VGT turbos can do a lot now a days.


----------



## kelaog (Aug 1, 2019)

Snipesy said:


> They make lots of boost at idle. It is needed for the EGR. That was basically the entire reason we switched to VGT.
> 
> Normal without EGR is like -1 to 0 psi. With EGR you can get up to 5 psi at idle.


Thanks! 

OK so what I'm seeing is normal then (no egr). Back to the drawing board. I will try unplugging EGR and see if the map is any different. I strongly suspect this is just a bad tune. I want to say my Lambda is around 4-5 at idle. I'll check again later.

Andrew


----------



## Snipesy (Dec 7, 2015)

kelaog said:


> Thanks!
> 
> OK so what I'm seeing is normal then (no egr). Back to the drawing board. I will try unplugging EGR and see if the map is any different. I strongly suspect this is just a bad tune. I want to say my Lambda is around 4-5 at idle. I'll check again later.
> 
> Andrew


Okay okay okay.
So if you unplug EGR it still thinks it has EGR.... And thus the boost will be higher.
Unless you eitheir explciitly tune that out OR are at very specific parts of a regen cycle (where tune OEM tune will intentionally run with no EGR).

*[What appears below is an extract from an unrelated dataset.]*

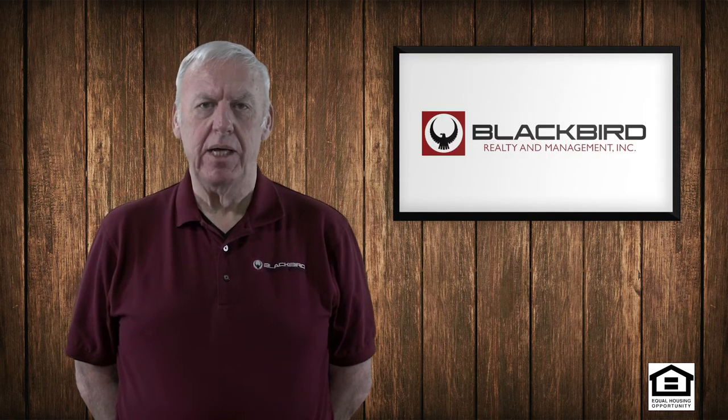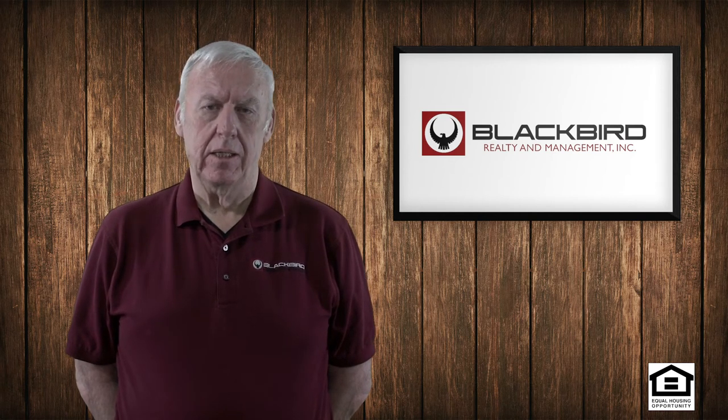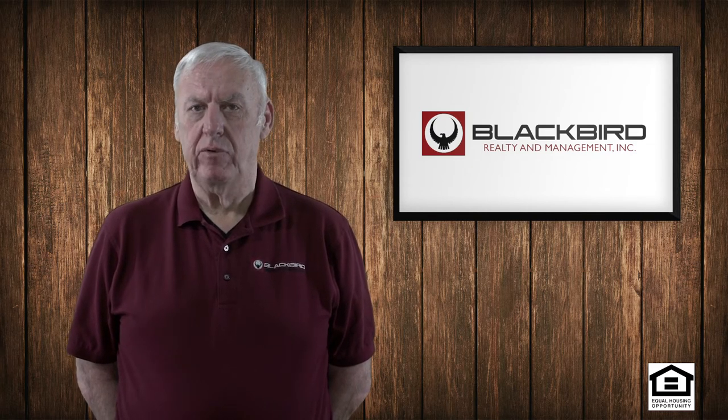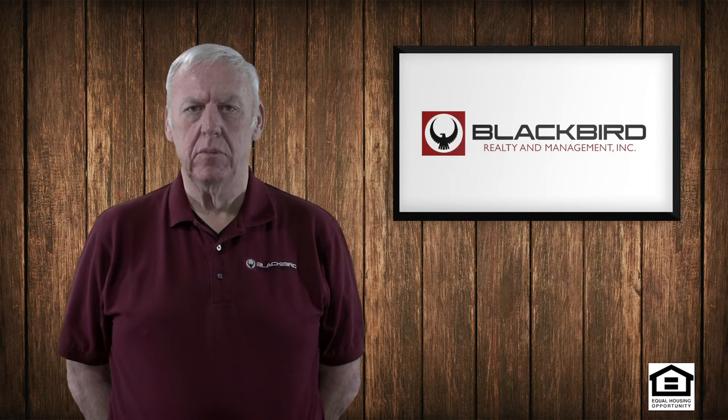The property needs to be maintained while it's occupied by the tenant — that limits the risk to the tenant and it limits any premises liability to you. So if we get a report of a problem from a tenant, we are going to investigate every problem and make sure that we don't have a bigger problem under the surface.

This is also true if you increase the base flow tables (effectively same thing). The nonemissions example tune has roughly what the boost tables should be for a non egr setup.


----------



## Snipesy (Dec 7, 2015)

kelaog said:


> Thanks!
> 
> I want to say my Lambda is around 4-5 at idle.


I don't remember the exact MAF values but we nearly halved it for running with no egr. I want to say the stock 'no egr' setup was like 15 g/s and we changed that to like 8 g/s. At idle. Which you guessed it... Would roughly halve the lambda.

For the most part as long as the smoke limiter lambda value is lower than whatever the real lambda is.... No adjustment will be made. The 'desired' lambda value is going to be controlled by a calculation based on the MAF and the desired fuel. And this is how fuel adjustments are done. There is no strict 'lambda' table.

And how do you adjust MAF? You just adjust boost. The ECM does the rest for you.


"So if the ECM just bases it all on boost why is there a flow table for the EGR". Yeah idk. Ask GM.


----------